I did not go out of my way to make clear which John Wilson I was, because it didn’t seem to be to my advantage to do that. When I finished the entire project, we were mixing the last piece. They were satelliting it to the place that was going to distribute it. I handed my client, the Academy person, a ticket to the Razzies. And whoa! It was like the Earth shifted! Suddenly, in that moment, you would have thought I’d crapped on her shoes! She turned white; she looked at me like I was a Soviet spy. She just was livid! And I’m standing there thinking, “You know, it’s because you take yourself like this that we’ve done this all these years.” [laughs] I didn’t say that to her. But it’s this idea that you guys are somehow sacrosanct when all you do is put on a pompous three-hour-long brag-fest every year. No! It’s inherently funny that what you guys do is so pompous! I timed it very well. They couldn’t very well fire me, I had finished the project! If I’d told them half-way through, they might have laid me off.

Oscar-winner Mo'Nique joins Tom Sherak, president of the Academy of Motion Picture Arts and Sciences, to announce the Best Picture nominees on January 25.
JA: Speaking of the Oscars, how do you feel about this year’s nominees? Any favorites?
JW: I’m trying to see them, because the Oscars, if you haven’t seen the movies, are even more boring than if you have. Last night, I went to see True Grit. I have to say that I’m really not a John Wayne fan, by any stretch; I never cared for the original version of it. I understand that this one is closer to the novel. But I thought this is one of the few cases where a remake was actually superior to the original, although it’s a slightly different perspective on the material.
I was very impressed with Inception; I think it was a brilliant concept, very well-executed. I’m thrilled that, what could be argued was an intellectual movie, made almost $300 million dollars in America. That almost never happens. Toy Story 3 was wonderful. The Kids Are All Right – people talked it up so much that by the time I saw it, it couldn’t have been as good as everyone told me. I want to see The Kings Speech. I probably will try to see Black Swan. You couldn’t pay me to go see The Fighter. Everyone I know says it’s wonderful. But it’s like, you know what, I’ve seen seven Rocky movies; I don’t want to see another one.

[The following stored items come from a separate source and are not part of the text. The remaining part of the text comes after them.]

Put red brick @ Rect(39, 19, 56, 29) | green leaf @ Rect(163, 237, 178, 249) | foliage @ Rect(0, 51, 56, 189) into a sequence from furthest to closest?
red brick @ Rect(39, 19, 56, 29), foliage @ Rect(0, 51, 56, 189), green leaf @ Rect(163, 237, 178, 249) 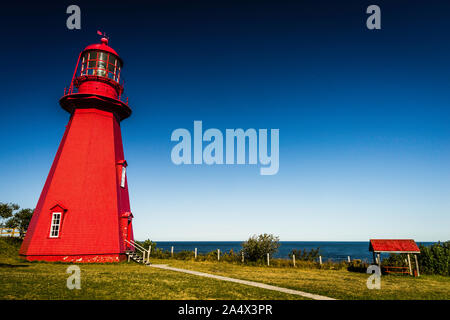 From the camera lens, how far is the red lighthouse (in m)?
18.4

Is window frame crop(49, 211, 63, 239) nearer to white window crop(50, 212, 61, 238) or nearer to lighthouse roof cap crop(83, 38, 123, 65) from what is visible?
white window crop(50, 212, 61, 238)

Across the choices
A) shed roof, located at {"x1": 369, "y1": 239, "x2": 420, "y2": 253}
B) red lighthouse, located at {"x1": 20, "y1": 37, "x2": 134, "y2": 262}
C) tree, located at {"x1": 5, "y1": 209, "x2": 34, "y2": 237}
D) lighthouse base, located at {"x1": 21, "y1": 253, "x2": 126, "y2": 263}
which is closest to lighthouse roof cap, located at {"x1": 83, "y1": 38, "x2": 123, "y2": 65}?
red lighthouse, located at {"x1": 20, "y1": 37, "x2": 134, "y2": 262}

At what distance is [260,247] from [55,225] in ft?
55.4

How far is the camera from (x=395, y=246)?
65.0 ft

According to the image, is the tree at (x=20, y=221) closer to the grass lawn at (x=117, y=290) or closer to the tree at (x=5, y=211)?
the tree at (x=5, y=211)

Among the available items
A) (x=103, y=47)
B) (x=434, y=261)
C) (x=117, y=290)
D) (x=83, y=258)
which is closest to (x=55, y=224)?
(x=83, y=258)

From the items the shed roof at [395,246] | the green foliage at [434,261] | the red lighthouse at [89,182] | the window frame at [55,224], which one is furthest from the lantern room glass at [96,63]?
the green foliage at [434,261]

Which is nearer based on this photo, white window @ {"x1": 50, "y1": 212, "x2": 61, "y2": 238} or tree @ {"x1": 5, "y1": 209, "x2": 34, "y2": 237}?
white window @ {"x1": 50, "y1": 212, "x2": 61, "y2": 238}

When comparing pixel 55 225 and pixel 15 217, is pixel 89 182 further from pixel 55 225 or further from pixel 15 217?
pixel 15 217

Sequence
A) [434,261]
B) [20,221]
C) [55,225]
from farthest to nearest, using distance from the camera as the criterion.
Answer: [20,221]
[434,261]
[55,225]

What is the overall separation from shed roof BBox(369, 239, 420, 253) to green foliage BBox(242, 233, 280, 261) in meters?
8.53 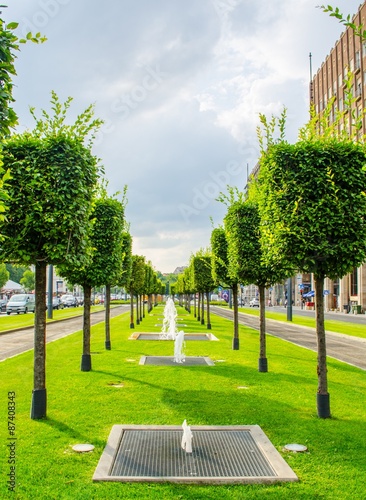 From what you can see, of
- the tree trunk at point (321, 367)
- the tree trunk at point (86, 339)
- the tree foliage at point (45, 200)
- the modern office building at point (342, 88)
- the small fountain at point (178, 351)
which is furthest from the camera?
the modern office building at point (342, 88)

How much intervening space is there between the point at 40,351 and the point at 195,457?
12.3 feet

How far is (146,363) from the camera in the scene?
1408 cm

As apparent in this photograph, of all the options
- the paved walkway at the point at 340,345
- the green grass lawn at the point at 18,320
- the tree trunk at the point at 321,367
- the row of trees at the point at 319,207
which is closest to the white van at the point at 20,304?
the green grass lawn at the point at 18,320

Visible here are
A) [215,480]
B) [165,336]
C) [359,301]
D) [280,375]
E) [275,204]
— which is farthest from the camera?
[359,301]

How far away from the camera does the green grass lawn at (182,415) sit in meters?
5.36

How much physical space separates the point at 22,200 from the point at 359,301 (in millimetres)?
53876

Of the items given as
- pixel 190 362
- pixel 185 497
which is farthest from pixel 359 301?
pixel 185 497

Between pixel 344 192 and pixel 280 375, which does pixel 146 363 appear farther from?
pixel 344 192

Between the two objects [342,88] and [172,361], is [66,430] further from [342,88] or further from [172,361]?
[342,88]

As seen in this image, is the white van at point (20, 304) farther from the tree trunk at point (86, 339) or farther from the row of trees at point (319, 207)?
the row of trees at point (319, 207)

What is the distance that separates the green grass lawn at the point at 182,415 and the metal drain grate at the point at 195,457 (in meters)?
0.16

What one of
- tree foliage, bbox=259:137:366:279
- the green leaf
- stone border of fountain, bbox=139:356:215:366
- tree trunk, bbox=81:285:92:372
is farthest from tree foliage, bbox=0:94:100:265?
stone border of fountain, bbox=139:356:215:366

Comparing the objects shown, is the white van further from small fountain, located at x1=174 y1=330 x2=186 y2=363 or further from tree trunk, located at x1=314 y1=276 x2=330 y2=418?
tree trunk, located at x1=314 y1=276 x2=330 y2=418

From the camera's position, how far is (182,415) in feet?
27.4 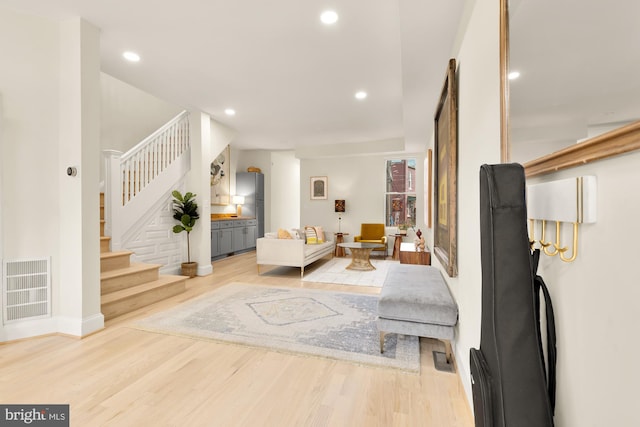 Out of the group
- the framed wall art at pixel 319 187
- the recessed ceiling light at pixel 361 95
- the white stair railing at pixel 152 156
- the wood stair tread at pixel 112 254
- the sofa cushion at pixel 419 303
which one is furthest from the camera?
the framed wall art at pixel 319 187

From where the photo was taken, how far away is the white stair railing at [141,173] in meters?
4.02

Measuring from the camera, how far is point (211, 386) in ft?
6.25

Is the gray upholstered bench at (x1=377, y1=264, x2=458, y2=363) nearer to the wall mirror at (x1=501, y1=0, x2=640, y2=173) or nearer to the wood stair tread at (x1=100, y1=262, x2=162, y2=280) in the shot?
the wall mirror at (x1=501, y1=0, x2=640, y2=173)

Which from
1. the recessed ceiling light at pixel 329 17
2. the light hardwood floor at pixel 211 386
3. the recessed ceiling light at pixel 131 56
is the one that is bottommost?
the light hardwood floor at pixel 211 386

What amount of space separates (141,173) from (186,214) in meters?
0.90

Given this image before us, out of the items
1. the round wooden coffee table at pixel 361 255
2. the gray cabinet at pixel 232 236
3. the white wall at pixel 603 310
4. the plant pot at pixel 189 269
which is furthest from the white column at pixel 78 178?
the round wooden coffee table at pixel 361 255

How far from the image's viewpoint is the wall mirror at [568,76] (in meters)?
0.49

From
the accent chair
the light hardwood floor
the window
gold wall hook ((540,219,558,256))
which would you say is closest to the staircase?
the light hardwood floor

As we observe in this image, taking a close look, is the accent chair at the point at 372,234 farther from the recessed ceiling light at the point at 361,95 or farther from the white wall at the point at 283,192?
the recessed ceiling light at the point at 361,95

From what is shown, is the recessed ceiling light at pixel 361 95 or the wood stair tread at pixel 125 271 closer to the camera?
the wood stair tread at pixel 125 271

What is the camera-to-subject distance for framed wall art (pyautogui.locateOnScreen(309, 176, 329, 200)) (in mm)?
7805

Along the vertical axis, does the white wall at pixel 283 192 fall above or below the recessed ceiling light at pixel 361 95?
below

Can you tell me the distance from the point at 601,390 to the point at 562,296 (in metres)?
0.23

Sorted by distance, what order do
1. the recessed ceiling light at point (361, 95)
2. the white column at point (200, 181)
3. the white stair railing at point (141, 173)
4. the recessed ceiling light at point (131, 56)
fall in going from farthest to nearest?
1. the white column at point (200, 181)
2. the recessed ceiling light at point (361, 95)
3. the white stair railing at point (141, 173)
4. the recessed ceiling light at point (131, 56)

They have done a better job, the Academy, this year. Their whole “ten Best Picture nominees” thing that they did is a blatant shill to try and nominate more mainstream movies. They did it this time; they have, among the ten, at least four that the general public would be aware of because they made two, three, four hundred million dollars. So their little scheme works. But I personally find it bizarre. If you’re going to sit there and argue that there are ten best pictures, then there ought to be ten directors. There ought to be twenty screenplays. There ought to be ten actors. If you’re going to do it, go for it. I think it’s kind of rude to nominate ten pictures, but only have room for five directors to be acknowledged. I think that’s tacky. Not as tacky as us, but close. [laughs]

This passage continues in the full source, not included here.